[Stored items from a collection]
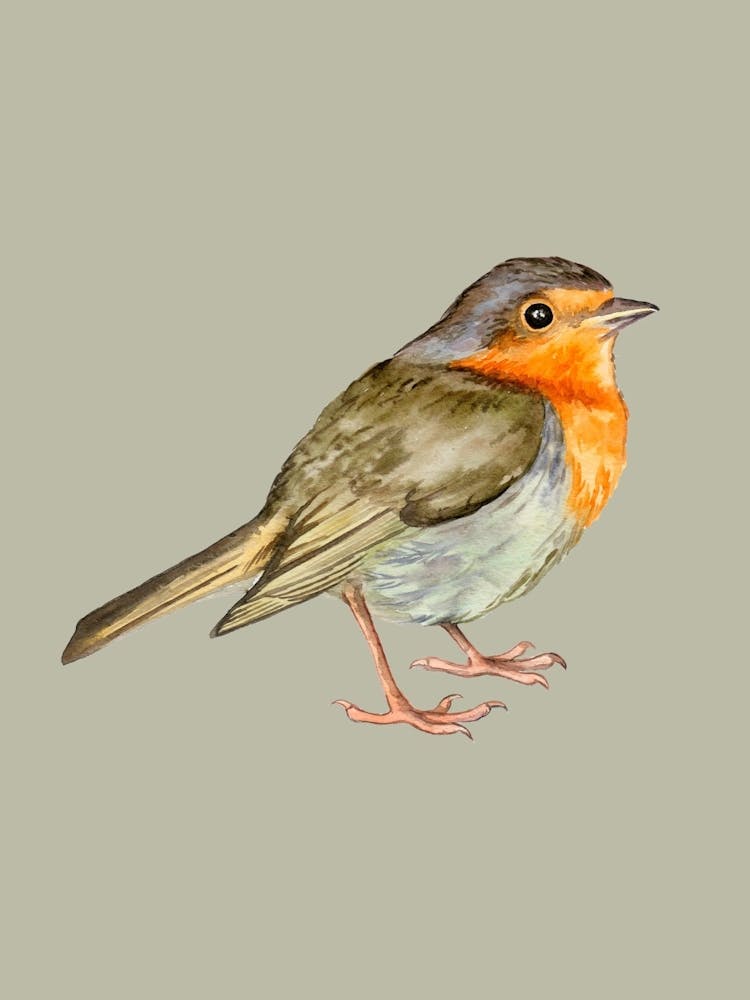 Robin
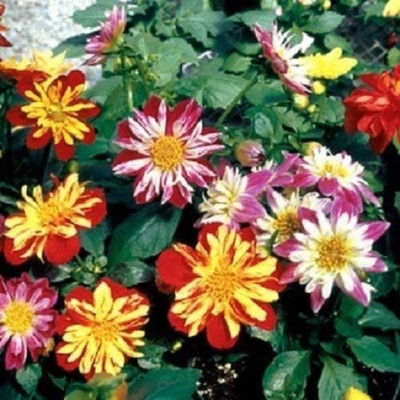 VibeX NBIR-972-Harlequin Mix Bi-Color Dahlia Flower Seeds Seed(100 per packet)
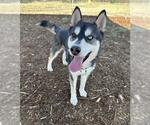 Small Siberian Husky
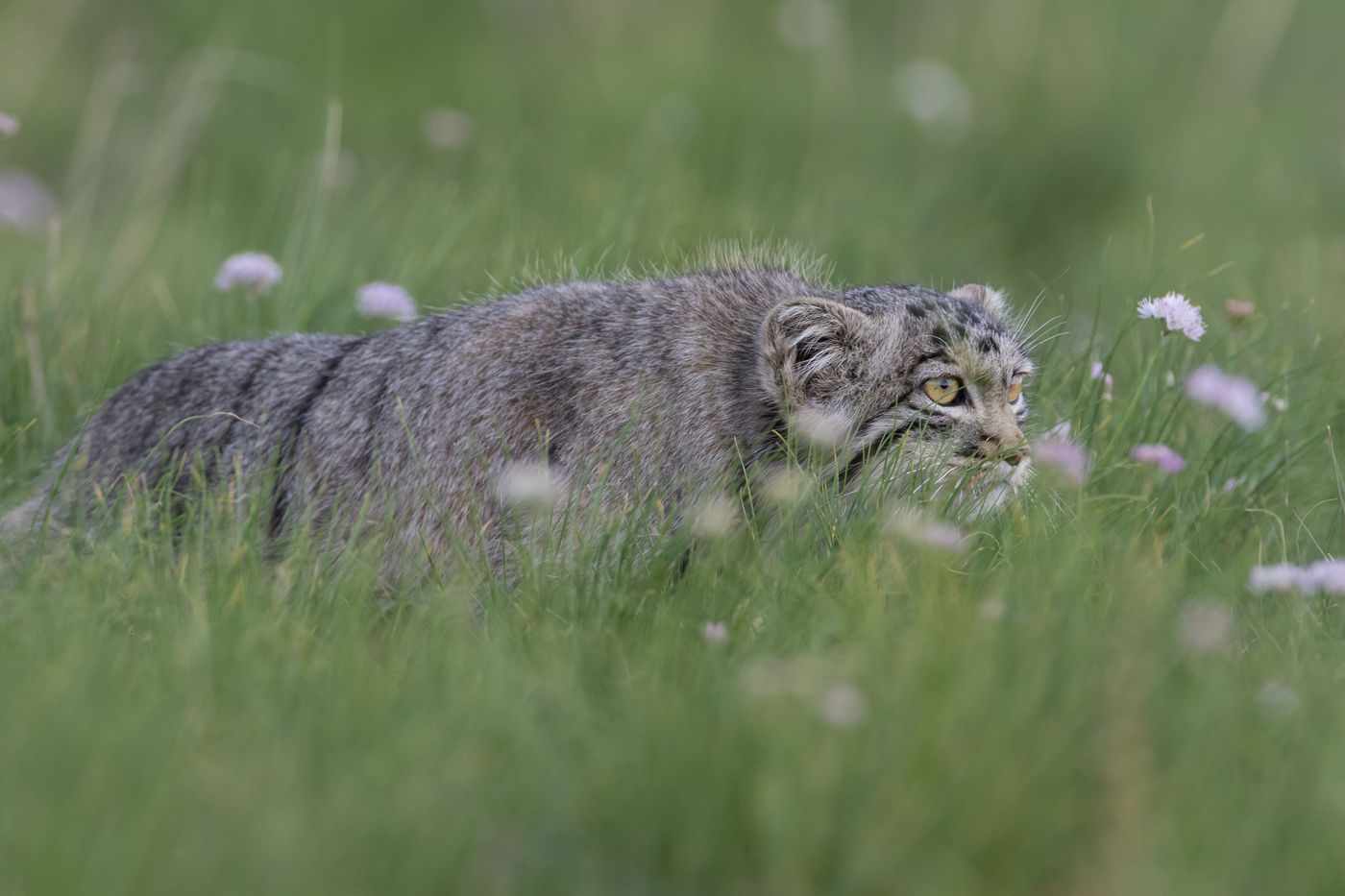 Een manoel sluipt door het jonge gras. © STARLING reizen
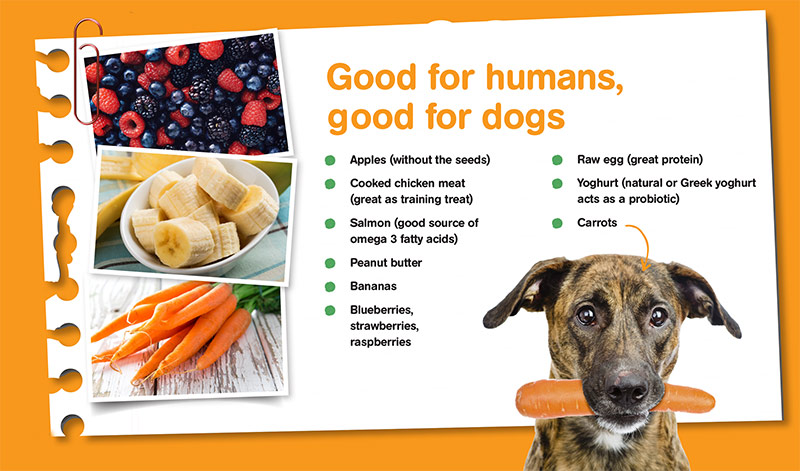 good foods for humans good foods for dogs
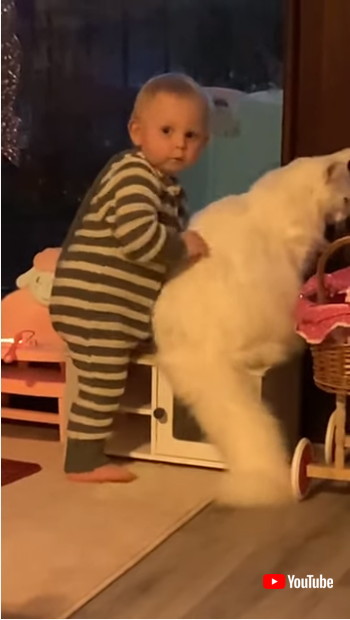 こっちを見る赤ちゃんと猫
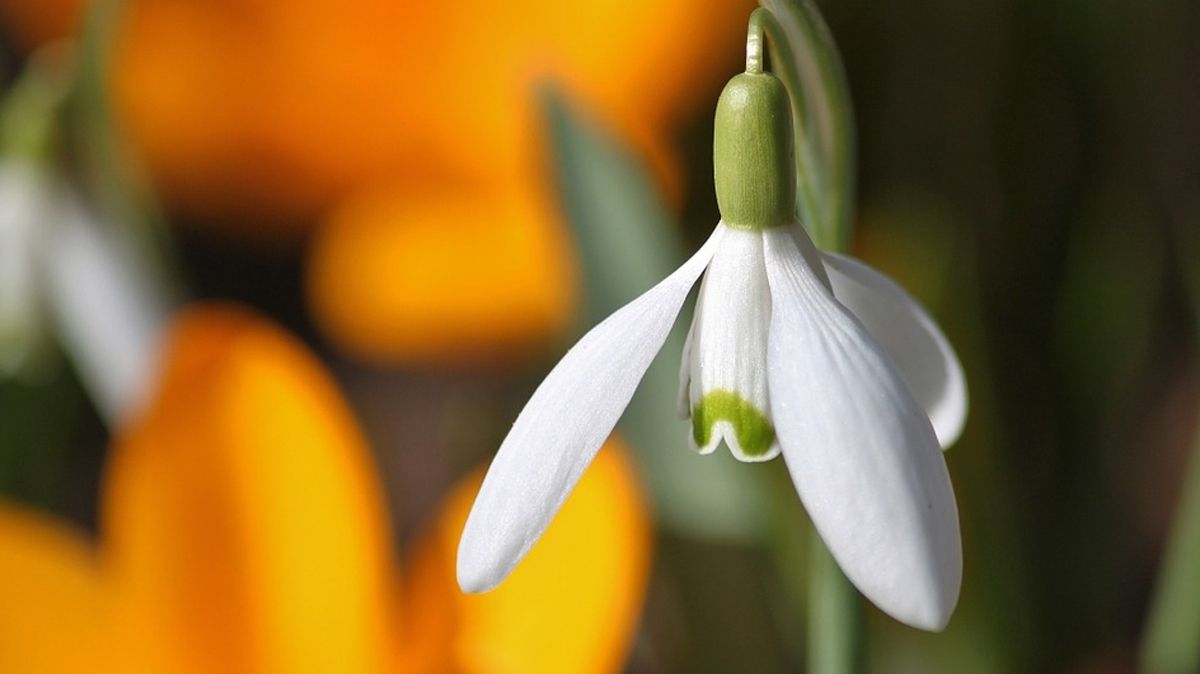 Погода на березень 2019 в Україні: прогноз, коли буде потепління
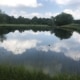 reflective pond on a piece of hunting land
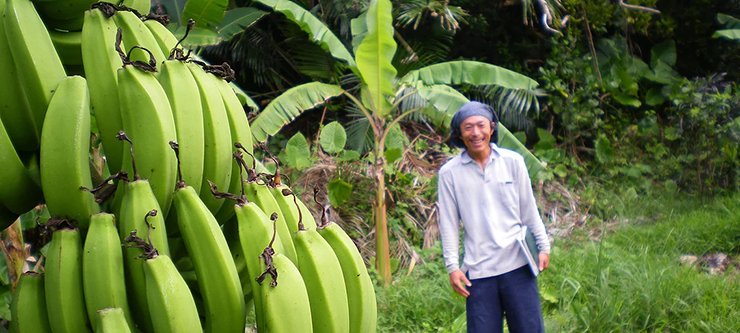 島バナナの産地、与那国島の風景 | 自然栽培の専門店「ハミングバードショッピング」～無農薬野菜＆玄米、有機野菜、自然農法ファンの宅配通販～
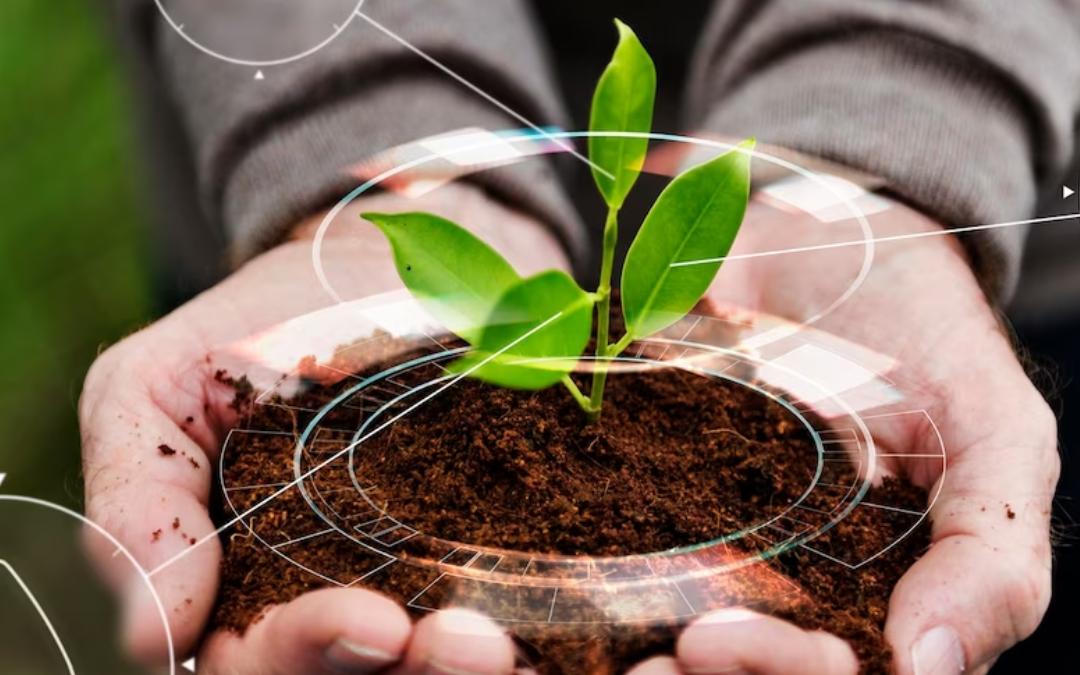 Ça bouillonne : One Health fait-elle bouger l’agroécologie ?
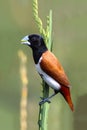 Tricoloured munia with his Breakfast Royalty Free Stock Photo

_What is being asked_.
Each line from the line containing "Een manoel sluipt" through the last line above must be written out exactly, and every picture must be omitted.

_Your response_.
 Een manoel sluipt door het jonge gras. © STARLING reizen
 good foods for humans good foods for dogs
 こっちを見る赤ちゃんと猫
 Погода на березень 2019 в Україні: прогноз, коли буде потепління
 reflective pond on a piece of hunting land
 島バナナの産地、与那国島の風景 | 自然栽培の専門店「ハミングバードショッピング」～無農薬野菜＆玄米、有機野菜、自然農法ファンの宅配通販～
 Ça bouillonne : One Health fait-elle bouger l’agroécologie ?
 Tricoloured munia with his Breakfast Royalty Free Stock Photo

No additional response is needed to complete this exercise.